Die mit der Abschaffung des Eigenmietwerts zusammenhängende Einführung einer Objektsteuer auf Zweitwohnungen stösst in den am meisten betroffenen Gebieten auf explizite Ablehnung. Die Regierungskonferenz der Gebirgskantone sprach in einer Medienkonferenz am 5. September von einer «unausgegorenen Scheinlösung». Ihr Fazit: Die Vorlage des Bundes sei
• «finanzpolitisch unverantwortlich»
• eine überdurchschnittliche Belastung für die Berg- und Tourismuskantone
• «unausgegoren» und schaffe falsche Anreize.
Mit der Sondersteuer für Zweitwohnungen würden sich zahlreiche neue Rechtsund Abgrenzungsfragen stellen. Dies sei unverantwortlich und unfair, kritisieren die Gebirgskantone. Auch sei der abstimmungstechnische und zum Teil auch der administrative Aufwand noch gar nicht vollumfänglich abzuschätzen.

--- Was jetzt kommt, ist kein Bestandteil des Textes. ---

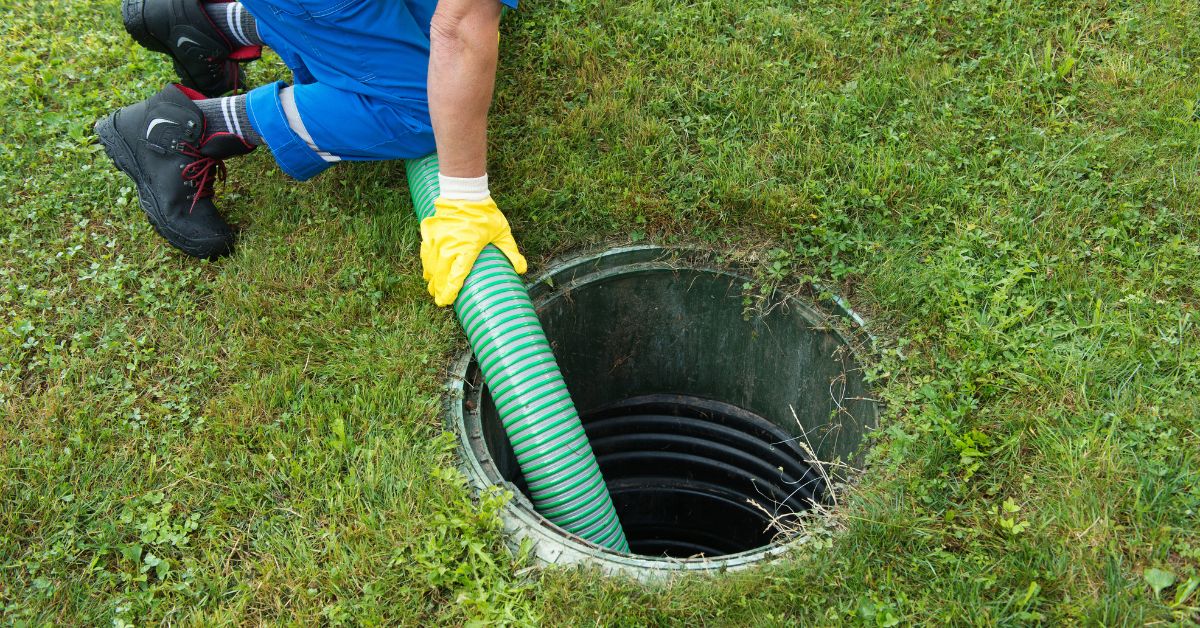 A septic service professional wearing yellow safety gloves guides a large suction hose into a plastic septic riser during a routine maintenance appointment.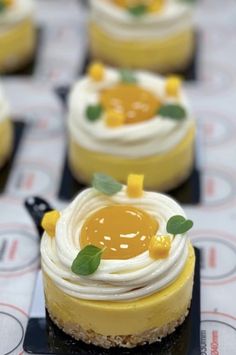 small desserts are arranged on black trays with white and yellow frosted toppings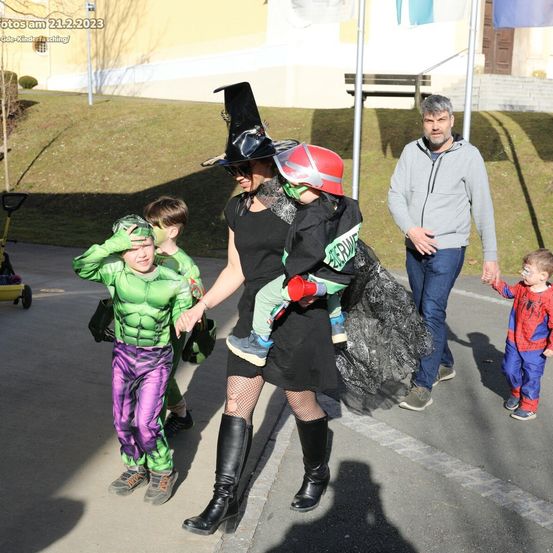 Eine Familie läuft auf einer Straße mit Kindern in Kostümen. Eine Frau trägt einen Hexenhut und hält ein Kind in einer Feuerwehrausrüstung. Dahinter ein Mann und ein Kind in einem Spider-Man-Kostüm. Das Foto ist vom 21.2.2023.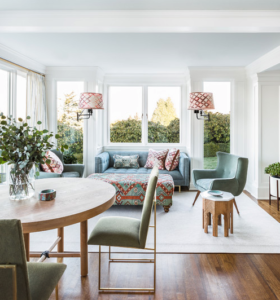 Seafoam green sofa and chair with multi colored ottoman, lamps and pillows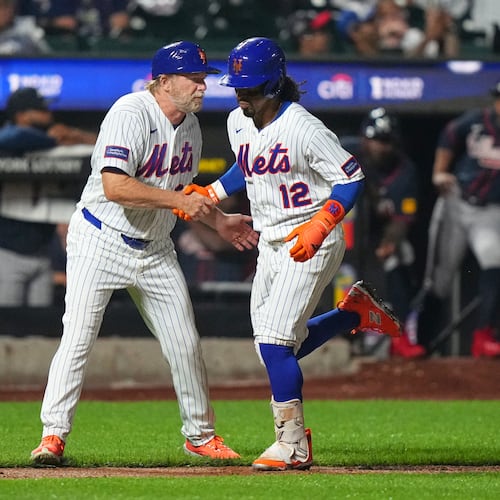 New York Mets third base coach Tim Leiper, left, celebrates with Francisco Lindor as he runs the bases after hitting a three-run home run during the eighth inning of a baseball game against the Atlanta Braves Monday, July 27, 2026, in New York. (AP Photo/Frank Franklin II)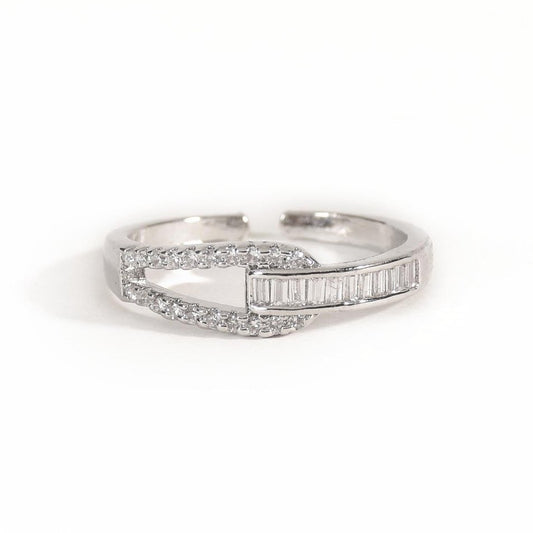 Elegant silver interlocked ring featuring baguette crystals, pavé detailing, and an anti-tarnish finish, perfect for modern styling, statement looks, and everyday sophistication.
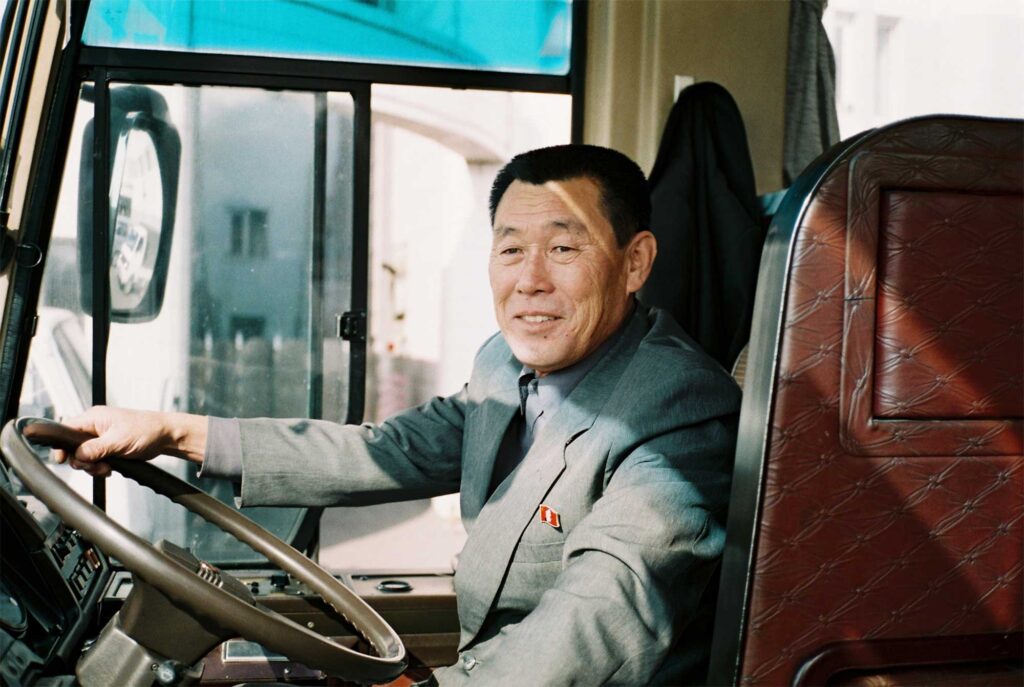 A portrait of a tour bus driver in Pyongyang, North Korea, seated at his driver's seat with his right hand on the steering wheel before takeoff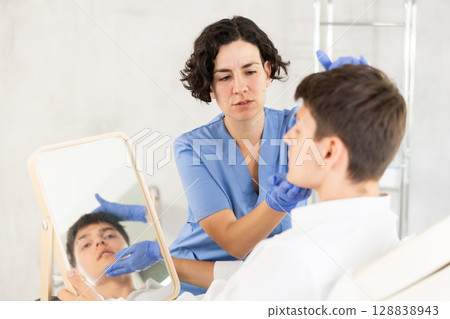 Beautician woman using mirror consulting man in clinic 128838943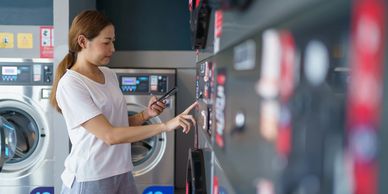 Woman using smart device in a laundromat.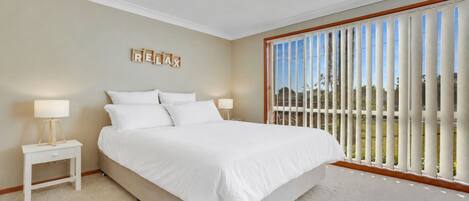 A bedroom with a large bed, two bedside tables with lamps, a view of the outdoors through a sliding door, and a 'RELAX' sign on the wall.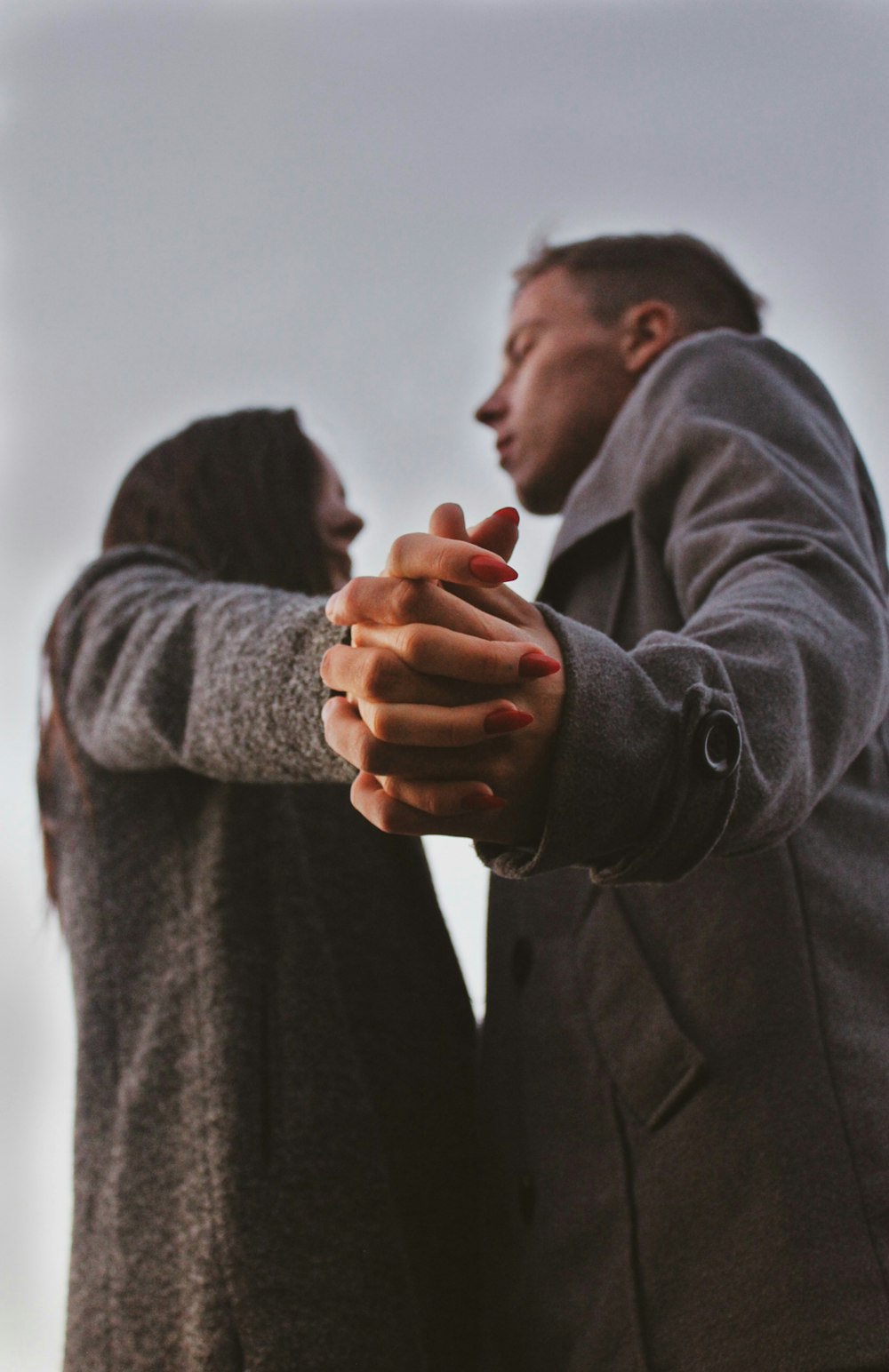man in black coat holding hands of woman in gray sweater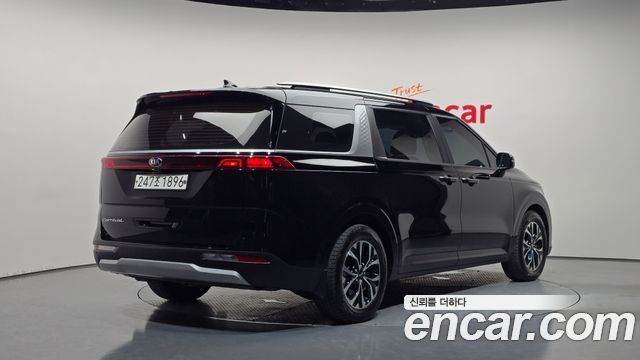 Kia Canival 2021 — photo 2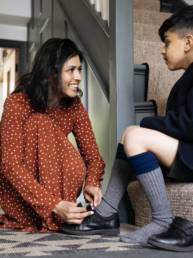 Mother helping son with shoes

Weiter führe die Abschaffung des Eigenmietwerts zu volkswirtschaftlichen Schäden, etwa durch Schwarzarbeit, wie besonders Nationalrat Christophe Darbellay ausführte. Kurz: Die Einführung einer Zweitwohnungssteuer sei «keine befriedigende Lösung für die finanziellen Auswirkungen eines Systemwechsels».
Was sagt der Bund?
Der Bund hat von Seiten der Eidgenössischen Steuerverwaltung im Wesentlichen mit recht detaillierten Verfahrenshinweisen und einer Abschätzung der steuerlichen Auswirkungen der Annahme der Beschlussvorlage vom 28. September geantwortet (siehe «Aktualisierte Schätzung zu den Aufkommenswirkungen des Bundesgesetzes über den Systemwechsel bei der Wohneigentumsbesteuerung, Umsetzung der Pa.Iv. 17.400 auf www.estv.admin.ch).
Der Bundesrat unterstützt die Abstimmungsvorlage aus verschiedenen Blickwinkeln. Offensichtlich ist aber auch, dass einerseits bei Annahme der Vorlage ein in den Konsequenzen noch nicht ganz klarer Vorschlag umgesetzt werden muss. Die Chance besteht jedoch, dass es – nach Jahrzehnten der jetzigen Wohneigentumsbesteuerung – zu einem Systemwechsel kommt. Und es ist auch offensichtlich, dass es bei Ablehnung der zur Abstimmung stehenden Vorlage auf lange Sicht vermutlich an dieser Stelle keinen solchen Systemwechsel im Schweizer Steuersystem geben wird. Nun bleibt am 28. September die Frage: Was sagt das Schweizer Stimmvolk?